Activity >> Your output must be the lines below from the line containing "appartement d'angle avec" to the line containing "Departamento, 1 habitación, Terraza, vista", both lines included, reproduced exactly and without pictures.
━━━━━ Records shown
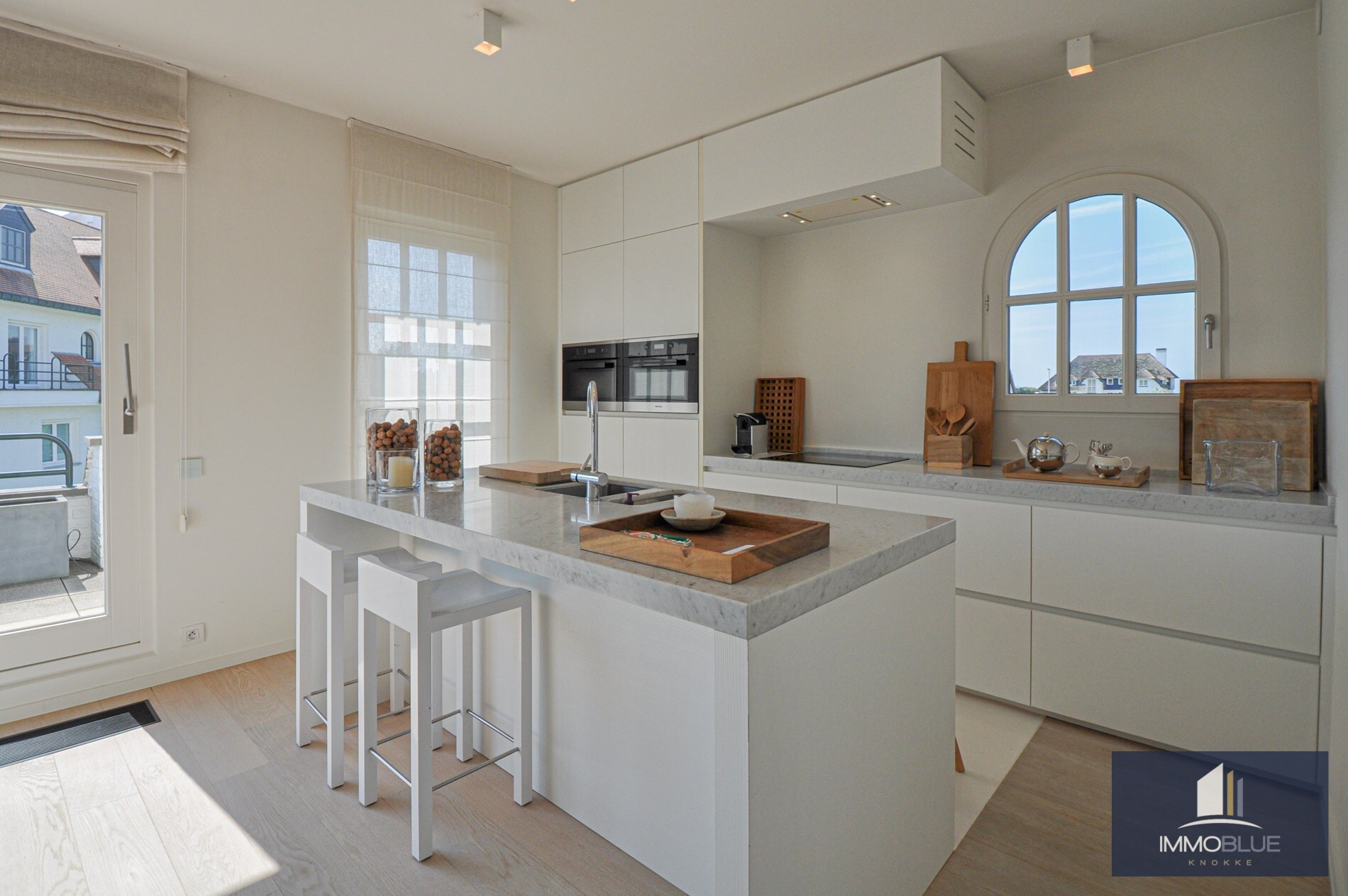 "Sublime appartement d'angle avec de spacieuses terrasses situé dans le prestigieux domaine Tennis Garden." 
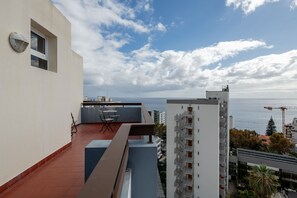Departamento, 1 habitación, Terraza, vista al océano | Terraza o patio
━━━━━━━━━━
━━━━━ Records shown
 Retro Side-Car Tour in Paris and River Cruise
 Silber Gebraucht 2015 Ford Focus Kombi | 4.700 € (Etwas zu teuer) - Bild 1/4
━━━━━━━━━━
Your solution >>
 "Sublime appartement d'angle avec de spacieuses terrasses situé dans le prestigieux domaine Tennis Garden." 
Departamento, 1 habitación, Terraza, vista al océano | Terraza o patio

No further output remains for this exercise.